* _Work instruction_
Return the first line of the listing below and all the lines after it through the one containing "该股反弹结束后再次下跌，击穿前期低点后出现加速下跌走势", exactly, without pictures.

* _Records supplied_
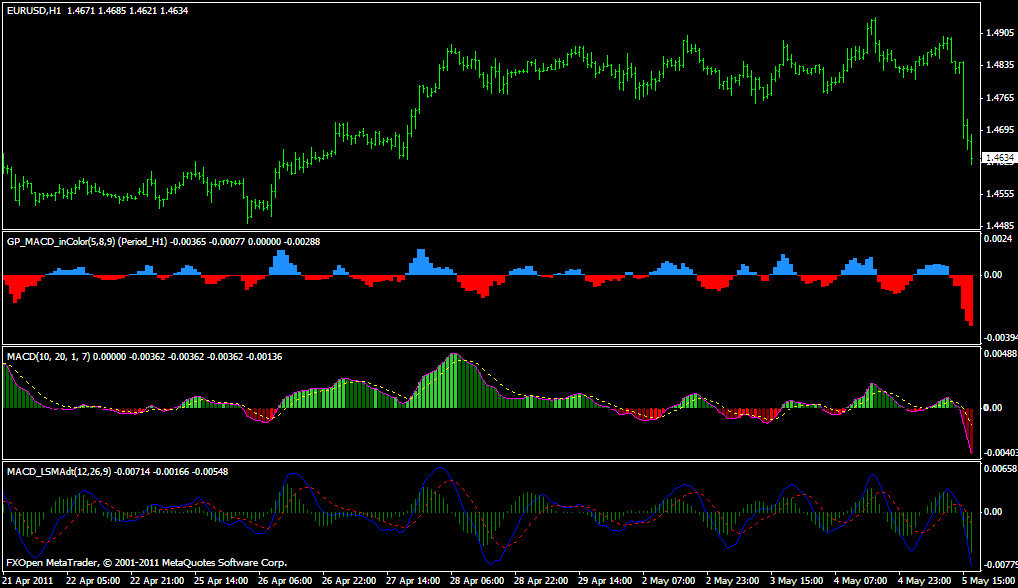 GP MACD in color; MACD with EMA BD V.09; MACD dt LSMA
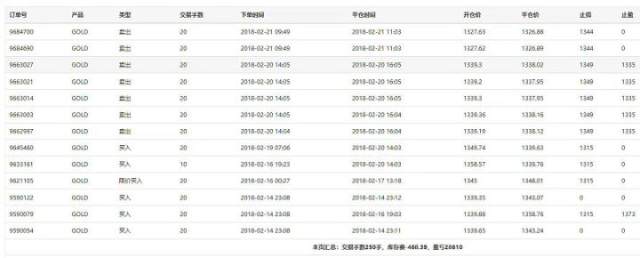 汇顶读金：3.30现货黄金3月交易成绩单新鲜出炉，请您打分！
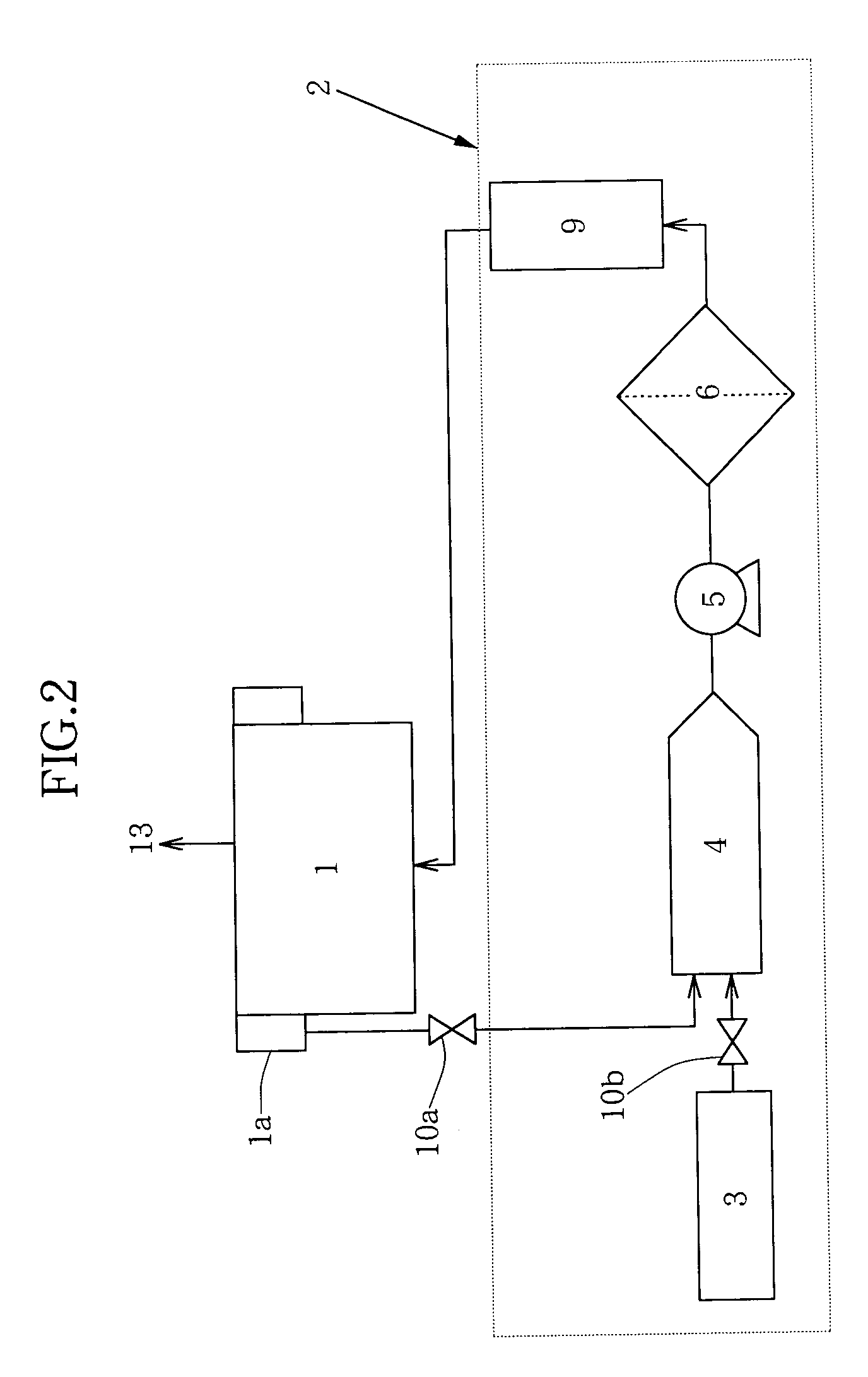 Regeneration process of etching solution, etching process, and etching system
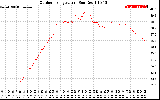 Solar PV/Inverter Performance Outdoor Temperature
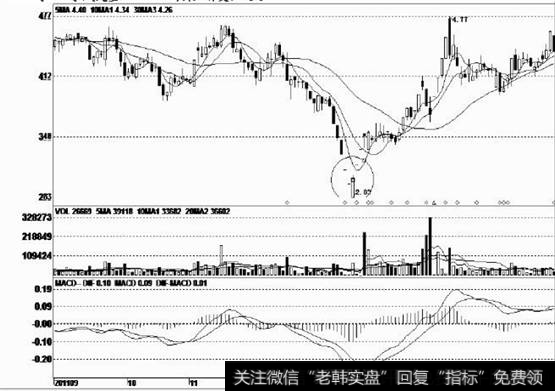 该股反弹结束后再次下跌，击穿前期低点后出现加速下跌走势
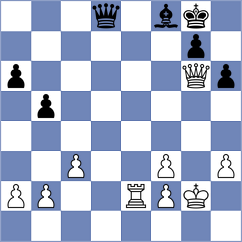 Moliboga - Aliavdin (Chess.com INT, 2020)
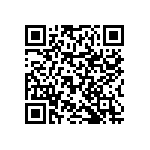 RNCF0402BTC16R5 QRCode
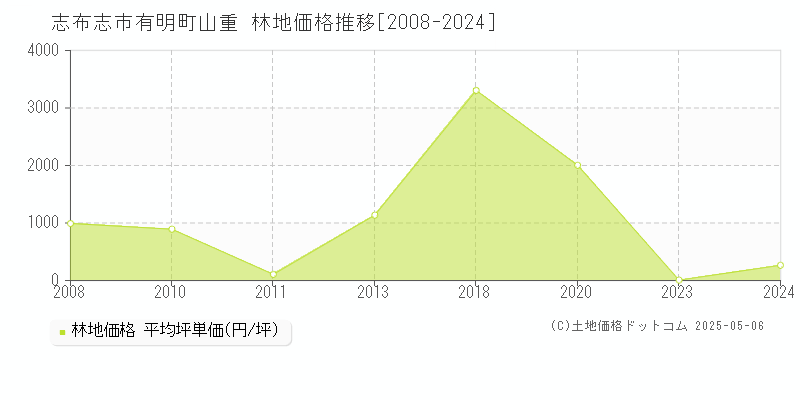 志布志市有明町山重の林地価格推移グラフ 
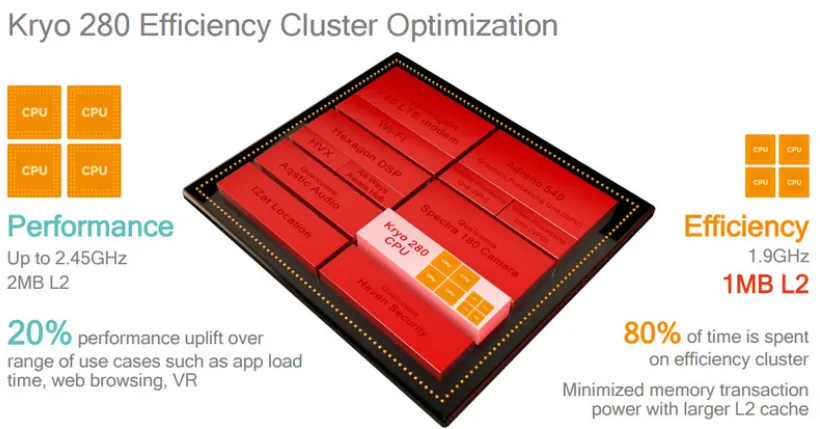 More-information-about-the-Snapdragon-835-chipset-is-unveiled-at-CES (1)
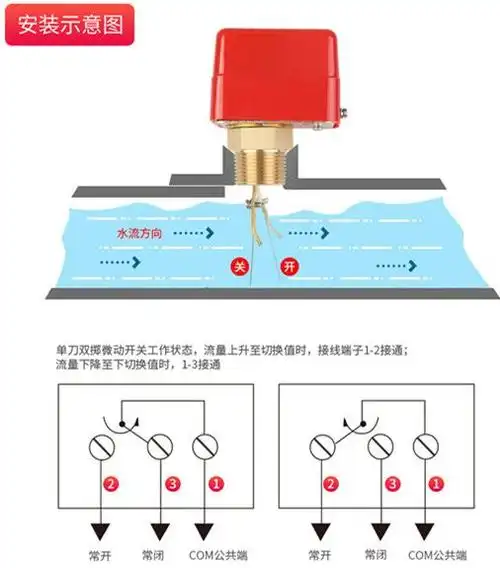 靶式水流开关控制器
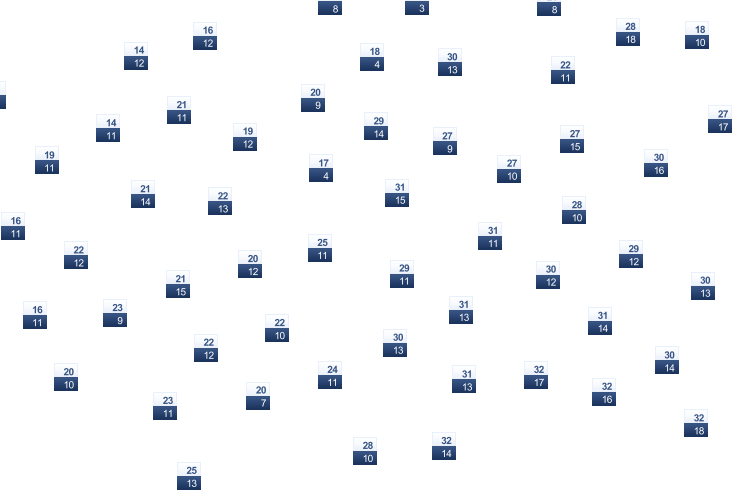 ForecastTminTmax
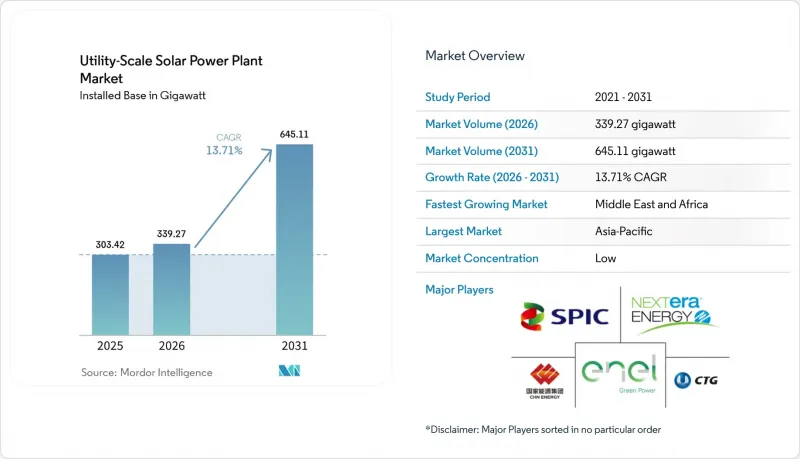 Utility-Scale Solar Power Plant - Market - IMG1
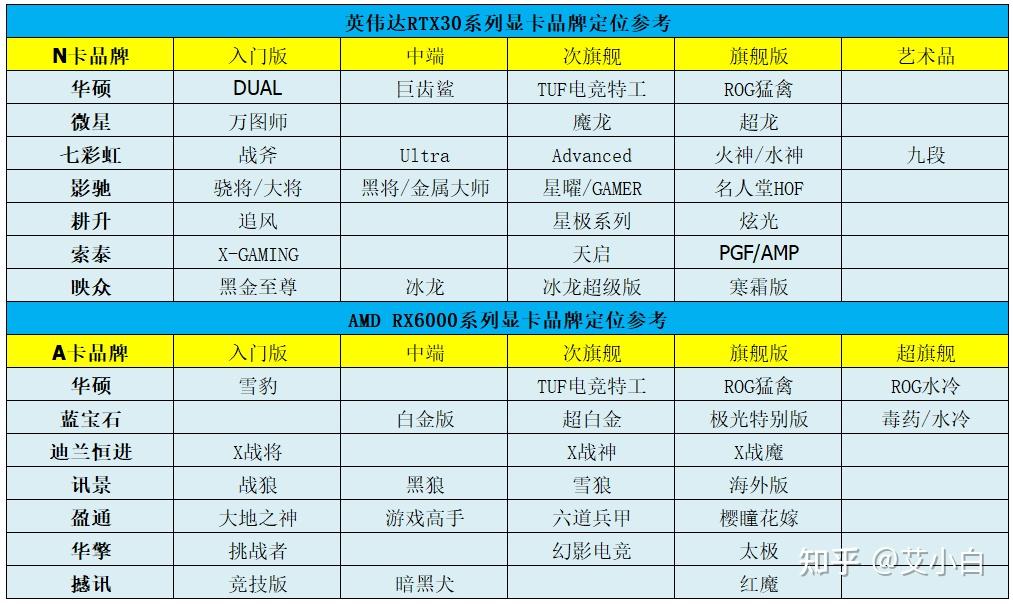 六,显卡品牌型号定位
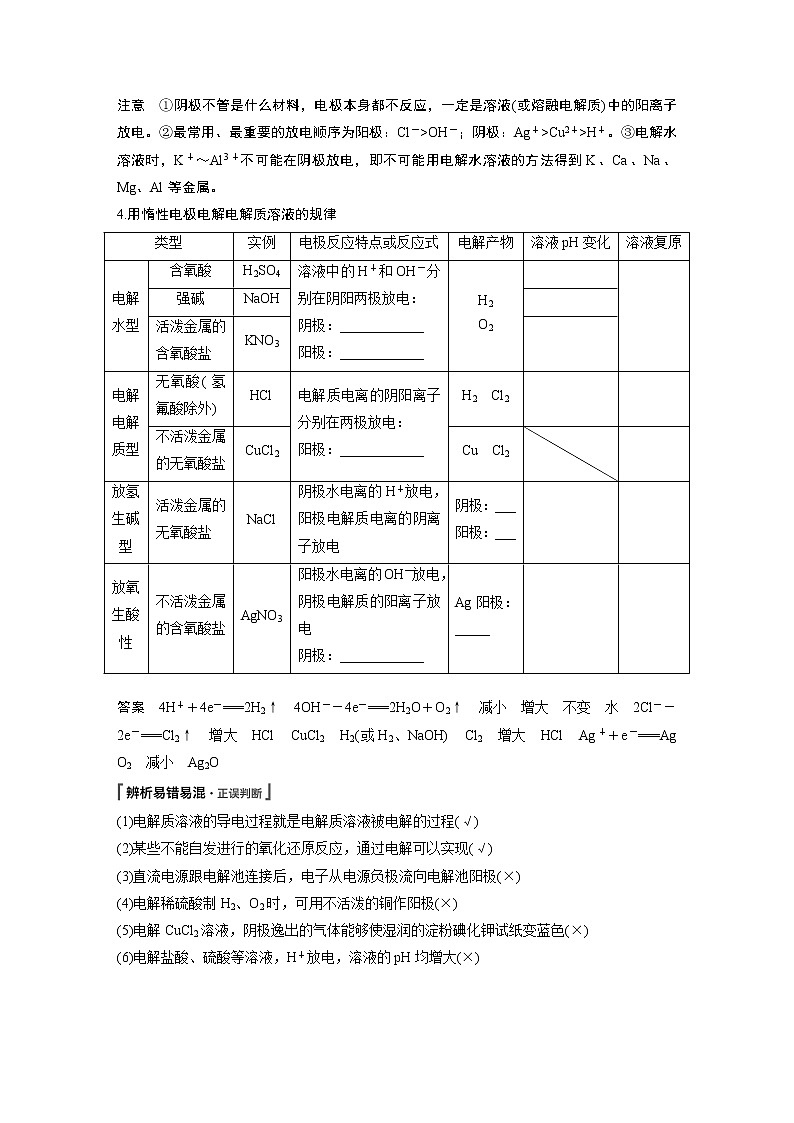 2020版化学新增分大一轮人教版(全国)讲义:第六章化学反应与能量第22讲02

* _Answer section_
 GP MACD in color; MACD with EMA BD V.09; MACD dt LSMA
 汇顶读金：3.30现货黄金3月交易成绩单新鲜出炉，请您打分！
 Regeneration process of etching solution, etching process, and etching system
 Solar PV/Inverter Performance Outdoor Temperature
 该股反弹结束后再次下跌，击穿前期低点后出现加速下跌走势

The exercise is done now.